Nucleotide Excision Repair is responsible for scavenging the large groups attached to DNA, such as damage caused by UV irradiation and cross-linking between chains. At the same time, NER is the first step in cross-link cross-linking repair to help homologous recombination pathways. Going on. Nucleotide excision repair is divided into transcription-dependent removal of damage-inhibiting RNA polymerase extension and genome-wide resection repair independent of transcription. The pathway molecule includes a family of XP proteins that recognize DNA damage sites, XPG and ERCC1-XPF proteins that cleave damaged regions, and DNA ligase I at the splicing break.

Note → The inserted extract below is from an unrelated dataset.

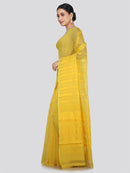 Pinkloom Women's Soft Cotton Jamdani Saree Without Blouse Piece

Mismatch Repair is responsible for eliminating mismatches caused by replication and base modifications such as methylation or oxidative bases caused by spontaneous or drug induction. Mismatch repair recognizes the injury site by the MutS? complex composed of MSH2 and MSH6 proteins, binds to the MutL? complex composed of MLH1 and PMS2, and then excises the DNA containing the mismatched region by Exo1, and finally fills the deletion by DNA polymerase Pol?. The place.

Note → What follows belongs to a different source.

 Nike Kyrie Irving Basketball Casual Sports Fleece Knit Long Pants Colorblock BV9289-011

All of the above DNA damages trigger a variety of DNA damage responses and maintain DNA stability. In the early stage of the injury, the DNA damage reaction can cause the cells to detect adverse factors in the environment and block the cell cycle, thereby avoiding further damage to the genetic material. Second, the DNA damage response mediates the repair of damaged DNA and maximizes the genetic information of the organism through various repair pathways. Finally, when DNA damage is too severe or impossible to repair, DNA damage triggers apoptosis, ensuring that cells with damaged DNA cannot survive and proliferate. Because of the importance of these pathways, the dysfunction of DNA damage responses can lead to a variety of human diseases. For example, mutations in the DNA repair pathway can be extremely sensitive to ultraviolet light, ionizing radiation, or DNA cross-linkers, while abnormalities in the apoptotic pathway can cause cells with severely damaged DNA to survive and increase the likelihood of cancer. On the other hand, since many anticancer drugs exert their killing effects by damaging the DNA of cancer cells, one can specifically improve the therapeutic effect of cancer by precisely regulating the DNA damage response.
Rosie Liu is working as an editor in Cusabio, a manufacture of antibodies, proteins, Elisa kits and related reagents for research use.